- [THE PROBLEM]
This task calls for every entry below to be repeated exactly.

- [GIVEN RECORDS]

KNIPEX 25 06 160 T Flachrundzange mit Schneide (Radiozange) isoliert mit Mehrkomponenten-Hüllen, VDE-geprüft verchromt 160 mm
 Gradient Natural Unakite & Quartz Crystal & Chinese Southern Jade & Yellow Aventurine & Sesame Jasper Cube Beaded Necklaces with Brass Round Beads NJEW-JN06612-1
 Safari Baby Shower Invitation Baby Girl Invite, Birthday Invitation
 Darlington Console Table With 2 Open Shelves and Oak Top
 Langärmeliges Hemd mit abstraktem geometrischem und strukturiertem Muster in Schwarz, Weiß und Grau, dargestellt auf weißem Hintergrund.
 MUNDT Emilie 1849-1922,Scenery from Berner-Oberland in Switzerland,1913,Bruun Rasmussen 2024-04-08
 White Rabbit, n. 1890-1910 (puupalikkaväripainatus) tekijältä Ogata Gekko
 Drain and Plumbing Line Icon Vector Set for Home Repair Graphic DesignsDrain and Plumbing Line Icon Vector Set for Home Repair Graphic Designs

- [RESULT OF THIS TASK]
KNIPEX 25 06 160 T Flachrundzange mit Schneide (Radiozange) isoliert mit Mehrkomponenten-Hüllen, VDE-geprüft verchromt 160 mm
 Gradient Natural Unakite & Quartz Crystal & Chinese Southern Jade & Yellow Aventurine & Sesame Jasper Cube Beaded Necklaces with Brass Round Beads NJEW-JN06612-1
 Safari Baby Shower Invitation Baby Girl Invite, Birthday Invitation
 Darlington Console Table With 2 Open Shelves and Oak Top
 Langärmeliges Hemd mit abstraktem geometrischem und strukturiertem Muster in Schwarz, Weiß und Grau, dargestellt auf weißem Hintergrund.
 MUNDT Emilie 1849-1922,Scenery from Berner-Oberland in Switzerland,1913,Bruun Rasmussen 2024-04-08
 White Rabbit, n. 1890-1910 (puupalikkaväripainatus) tekijältä Ogata Gekko
 Drain and Plumbing Line Icon Vector Set for Home Repair Graphic DesignsDrain and Plumbing Line Icon Vector Set for Home Repair Graphic Designs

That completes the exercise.